LLM evals
Learn how to measure LLM application quality with assertion-based tests and LLM-as-judge, why evals come before architecture, and how to build an evaluation pipeline that gates production deploys.
TL;DR
- Evals are the systematic test suite for LLM applications: a dataset of inputs, expected behaviors, and judgment functions that run consistently across versions
- LLM-as-judge (use a stronger model to score a weaker model's outputs) is the most flexible evaluation type, but watch for position bias and verbosity bias
- RAGAS is the standard framework for evaluating RAG pipelines across four dimensions: faithfulness, answer relevancy, context precision, context recall
- Evaluation-Driven Development means writing evals before writing prompts, not after deployment when users complain
- A 5% drop in your primary evaluation metric should block a production deploy, enforced as a CI/CD gate
The problem it solves
You can't unit test an LLM. A function that takes a string and returns a string has no single correct output. "Find all contracts mentioning indemnification" might produce five valid response formats, varying levels of completeness, and subtle errors that look correct on a quick read. An HTTP 200 tells you the API call succeeded, not whether the answer was good.
The consequence is that teams deploy their first working prompt to production and discover quality problems when users start complaining. By then the problem is hard to reproduce, harder to measure, and the fix is guesswork. I've seen this happen on almost every AI team that skips evaluations during the initial build.
Evals break this cycle. They give you a systematic way to answer: "Is this version better than the last one?" before pushing to production. Evals catch regressions the way unit tests catch bugs, but for non-deterministic outputs.
What is it?
An evaluation is a structured test for an LLM system. It has three components: a dataset of inputs (prompts, documents, queries), one or more judgment functions that score the quality of outputs, and a process for running them consistently so results are comparable across versions.

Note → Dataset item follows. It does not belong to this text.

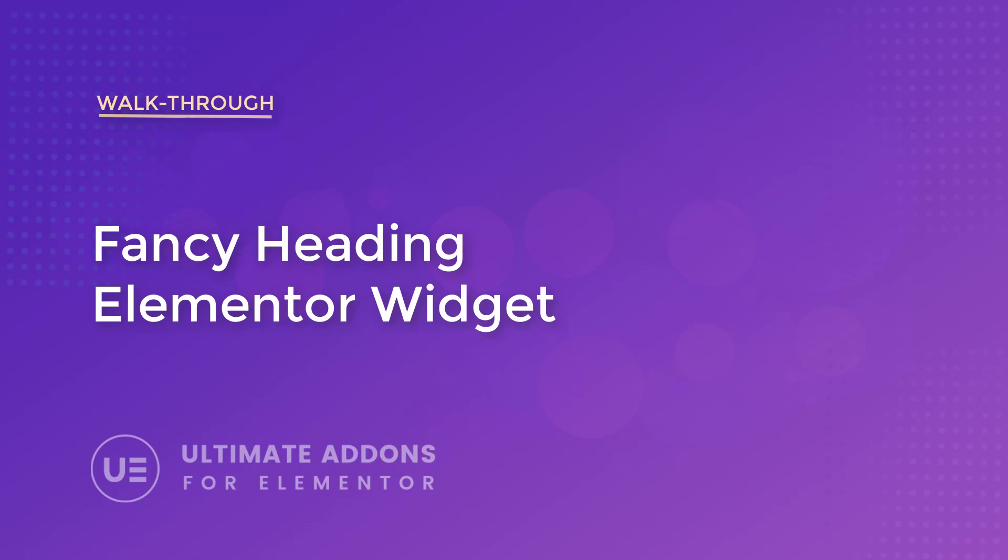Hey everyone, my name is Donald and in this video, we're going to be discussing fancy heading with Ultimate Add-ons for Elementor.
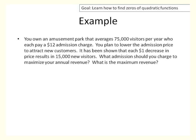One more: you own an amusement park that averages 75,000 visitors per year, each paying a $12 admission charge. You plan to lower the admission price to attract new customers. Each dollar decrease in price results in 15,000 new customers. What admission price should you charge to maximize annual revenue, and what is the maximum revenue? We want to first write an equation that will model this situation.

Think of it like a driving test. The test has a fixed route (evaluation dataset), specific skills the examiner checks (judgment functions: parallel parking, lane changes, mirror checks), and a scoring rubric. You don't need a perfect score to pass, but you need to clear the threshold. And critically, you take the same test every time so you can compare results between attempts.
The goal is not to achieve 100% on every test case. It's to have a baseline score you can measure against when you change a prompt, swap a model, update your retrieval pipeline, or add a guardrail. Evals catch regressions. They're quality gates, not scorecards.
How it works
Types of evals
There are four evaluation strategies. Most production systems use a combination.
Exact match checks whether the output equals the expected string exactly. Fast and reliable, but only works for constrained outputs: classification labels, structured extraction, yes/no answers. It breaks for any task where multiple phrasings are valid.
Assertion-based evals test specific properties of the output as boolean functions. "Does the response contain a citation?" "Is the output valid JSON?" "Is the response under 200 words?" Each assertion is cheap (often regex or a small parser) and composable. A response can pass 8 out of 10 assertions, giving you a granular score.
LLM-as-judge uses a powerful model (like GPT-4o or Claude 3.5 Sonnet) to score outputs against a rubric. You pass the input, the output, and scoring criteria. The judge returns a score and optionally a rationale. This handles open-ended tasks where assertions alone can't capture quality, but it's slower, more expensive, and has systematic biases.
Pairwise comparison shows the judge two outputs (unlabeled) and asks which is better. More reliable than absolute scoring because biases partially cancel out when you randomize which response appears first. Use this when comparing two prompt versions or two models head-to-head.
Building an evaluation dataset
Your evals are only as good as your dataset. A weak dataset gives you false confidence.
Start with golden examples: 20-50 representative inputs with expected outputs (or expected properties). These are your regression anchors. When you change anything, these must still pass.
Add production samples: real user queries from logs. These capture the long tail of phrasings, edge cases, and topics you'd never generate synthetically. I've found that 10 real production examples teach you more about failure modes than 100 synthetic ones.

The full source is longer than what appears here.